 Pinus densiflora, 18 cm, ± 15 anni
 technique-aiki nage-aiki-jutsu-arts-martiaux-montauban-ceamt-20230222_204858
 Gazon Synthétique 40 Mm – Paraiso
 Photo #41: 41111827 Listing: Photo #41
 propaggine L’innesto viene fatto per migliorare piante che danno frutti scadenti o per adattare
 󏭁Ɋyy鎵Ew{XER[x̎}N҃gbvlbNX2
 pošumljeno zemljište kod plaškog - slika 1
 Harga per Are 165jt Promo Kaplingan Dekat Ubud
• • • •
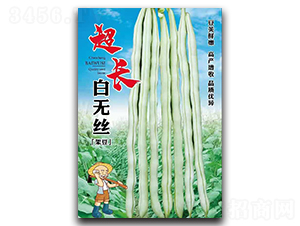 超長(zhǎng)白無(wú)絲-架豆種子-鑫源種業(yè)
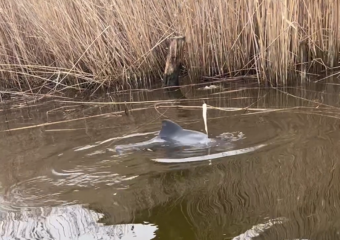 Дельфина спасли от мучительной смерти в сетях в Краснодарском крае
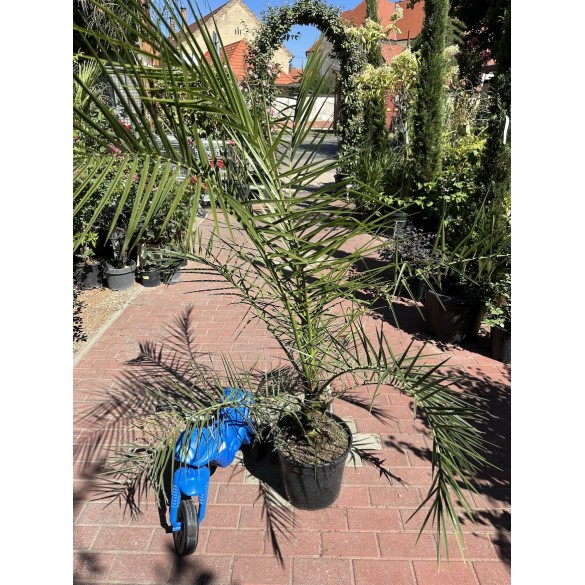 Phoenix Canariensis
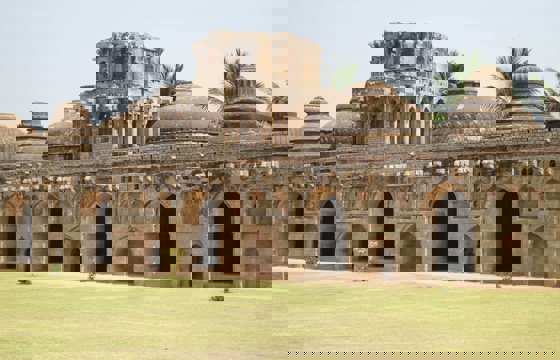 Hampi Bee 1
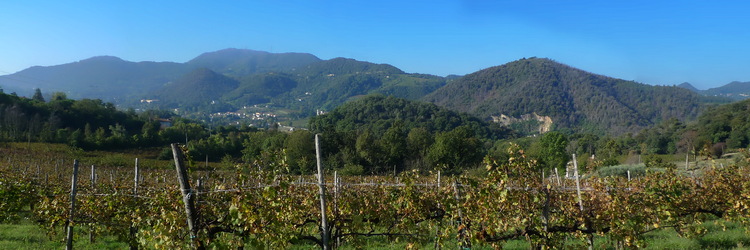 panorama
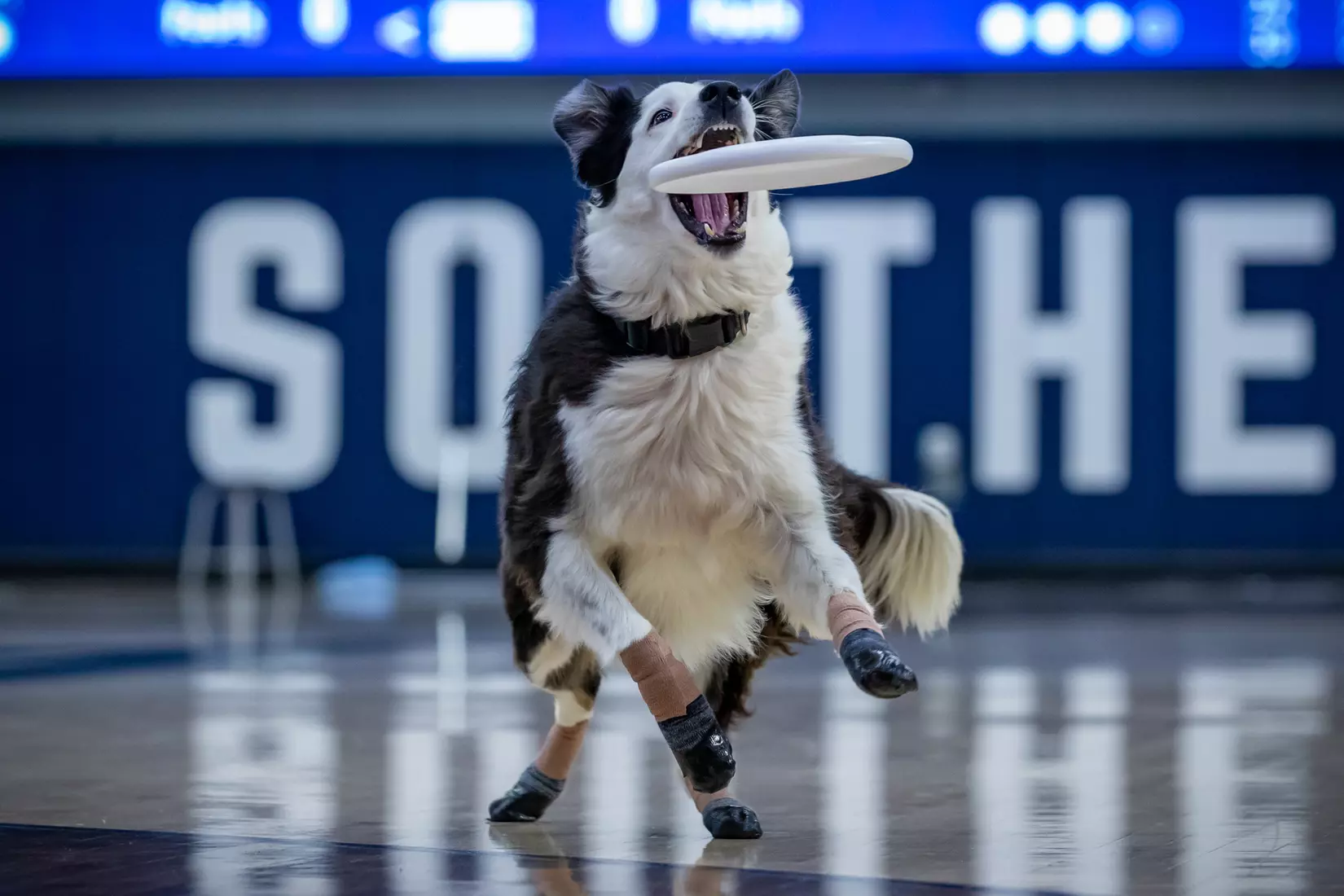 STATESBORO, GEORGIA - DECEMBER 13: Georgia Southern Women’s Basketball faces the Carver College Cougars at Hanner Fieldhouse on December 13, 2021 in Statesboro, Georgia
• • • •
WORK REQUIRED: Looking at the data above, write out exactly the lines that start at the one containing "Pinus densiflora, 18 cm, ± 15 anni" and end at the one containing "propaggine L’innesto viene"; include both and nothing beyond.

TASK OUTPUT:
 Pinus densiflora, 18 cm, ± 15 anni
 technique-aiki nage-aiki-jutsu-arts-martiaux-montauban-ceamt-20230222_204858
 Gazon Synthétique 40 Mm – Paraiso
 Photo #41: 41111827 Listing: Photo #41
 propaggine L’innesto viene fatto per migliorare piante che danno frutti scadenti o per adattare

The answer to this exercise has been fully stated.